WHAT YOU HAVE TO DO: Please retype the entries below word for word, passing over every picture.

INPUT DATA:
BEGIN
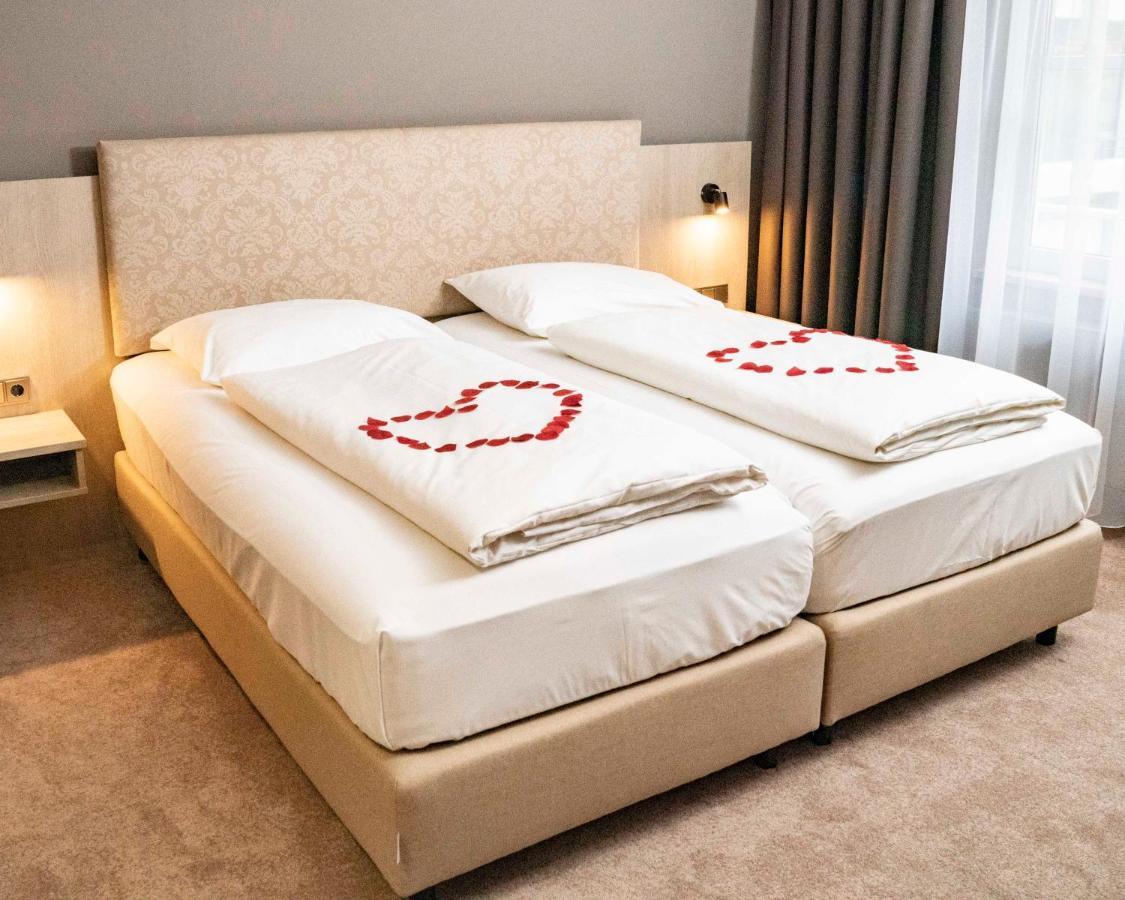 Awa Hotel Мюнхен Екстериор снимка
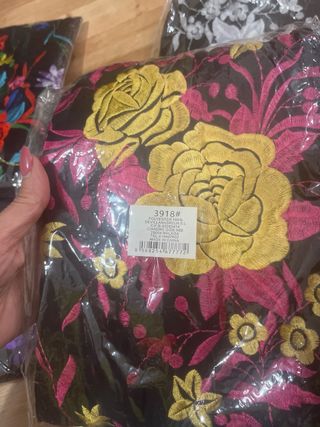 Manton Flamenca Negro Bordado Flores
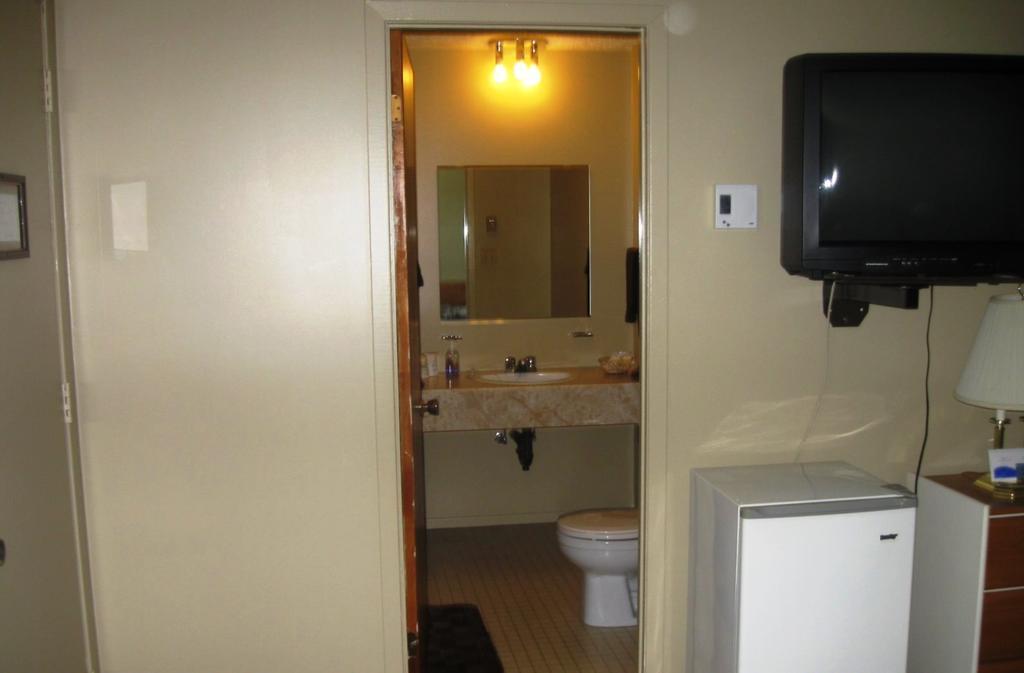 Motel De La Pointe Aux Bouleaux Baie-Sainte-Catherine Zimmer foto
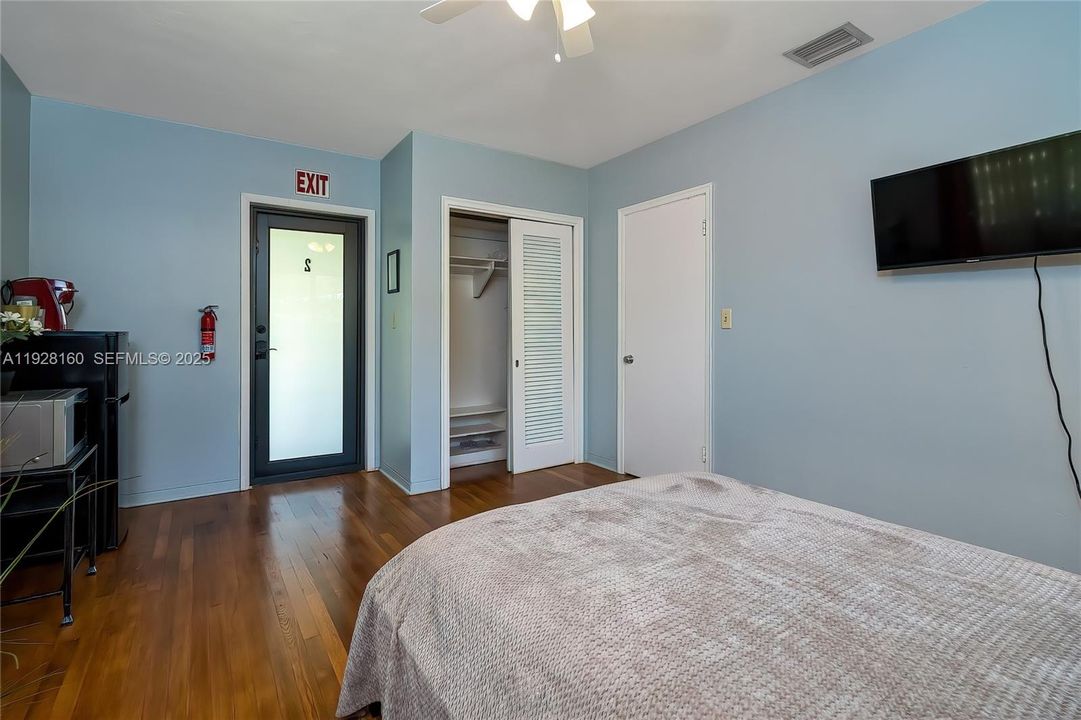 待售: $575,000 (3 贝兹, 3 浴室, 2146 平方英尺)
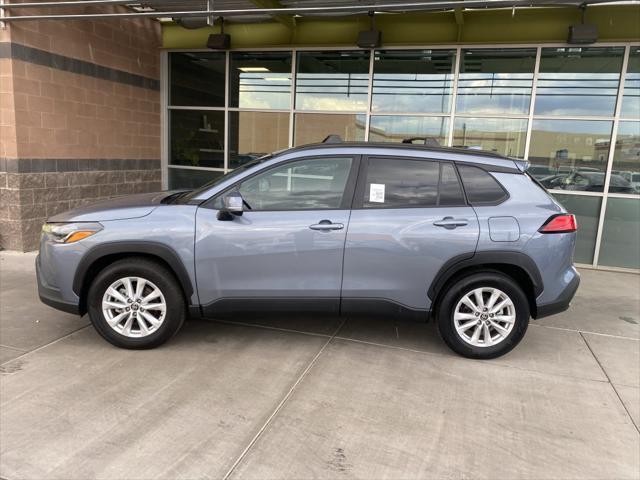 2022 toyota corolla cross le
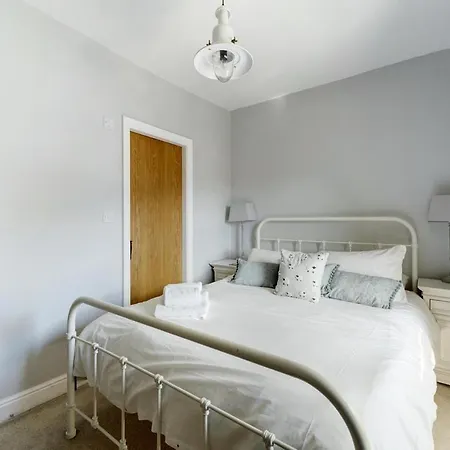 Apple Tree אמבלסייד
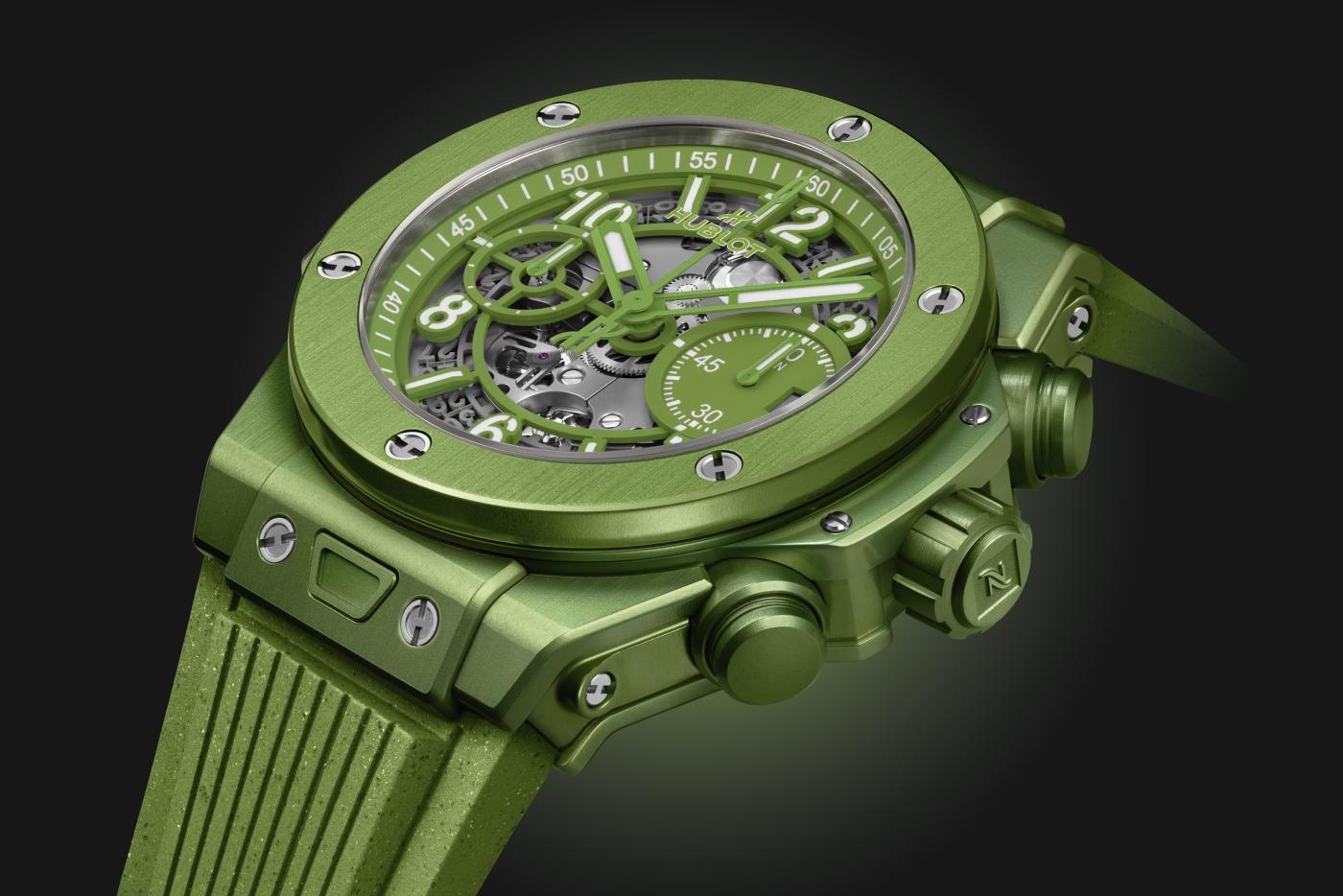 新款腕錶直徑42.5毫米，厚度14.5毫米。錶殼採用再生鋁製成，經陽極氧化處理，呈現鮮綠色調，並採用拉絲和拋光交替潤飾，配備藍寶石水晶鏡面、飾有“N”（代表Nespresso）字樣的表冠、以及生態鈦表背，具有100米優良防水性能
END
SOLVED PROBLEM:
 Awa Hotel Мюнхен Екстериор снимка
 Manton Flamenca Negro Bordado Flores
 Motel De La Pointe Aux Bouleaux Baie-Sainte-Catherine Zimmer foto
 待售: $575,000 (3 贝兹, 3 浴室, 2146 平方英尺)
 2022 toyota corolla cross le
 Apple Tree אמבלסייד
 新款腕錶直徑42.5毫米，厚度14.5毫米。錶殼採用再生鋁製成，經陽極氧化處理，呈現鮮綠色調，並採用拉絲和拋光交替潤飾，配備藍寶石水晶鏡面、飾有“N”（代表Nespresso）字樣的表冠、以及生態鈦表背，具有100米優良防水性能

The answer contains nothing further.